• **TASK TO COMPLETE**: In your copy, include every line of the listing below exactly but none of the pictures.

• **GIVEN DATA**:

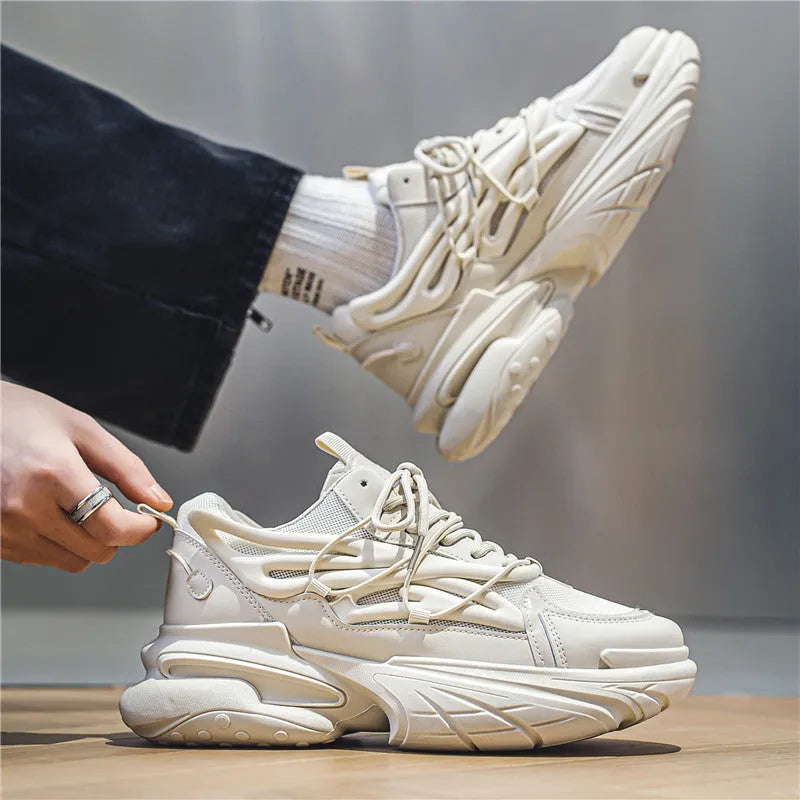 Men's beige and black low-top lace-up sneakers with mesh upper and rubber platform sole.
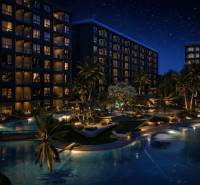 Night construction of apartments in Pattaya with illuminated buildings and a pool.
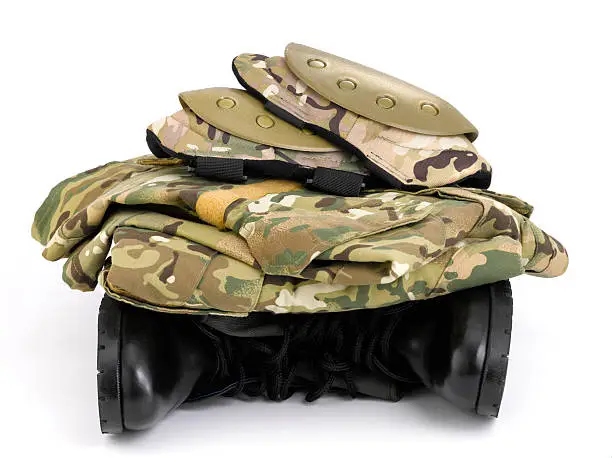 Camouflage uniform stacked on top of black army leather boots.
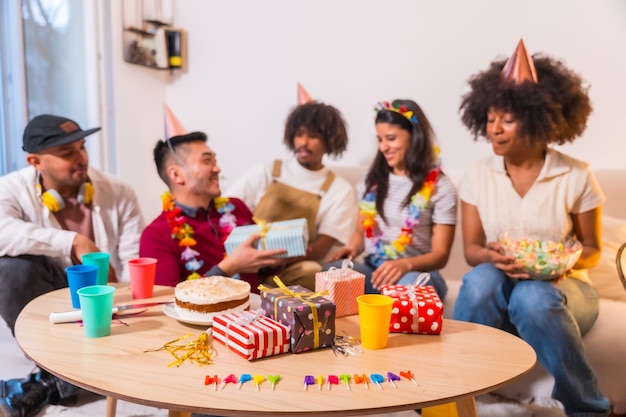 Grupo de amigos en una fiesta de cumpleaños en el sofá de casa sonriendo entregando regalos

• **REPLY TO THE TASK**:
 Men's beige and black low-top lace-up sneakers with mesh upper and rubber platform sole.
 Night construction of apartments in Pattaya with illuminated buildings and a pool.
 Camouflage uniform stacked on top of black army leather boots.
 Grupo de amigos en una fiesta de cumpleaños en el sofá de casa sonriendo entregando regalos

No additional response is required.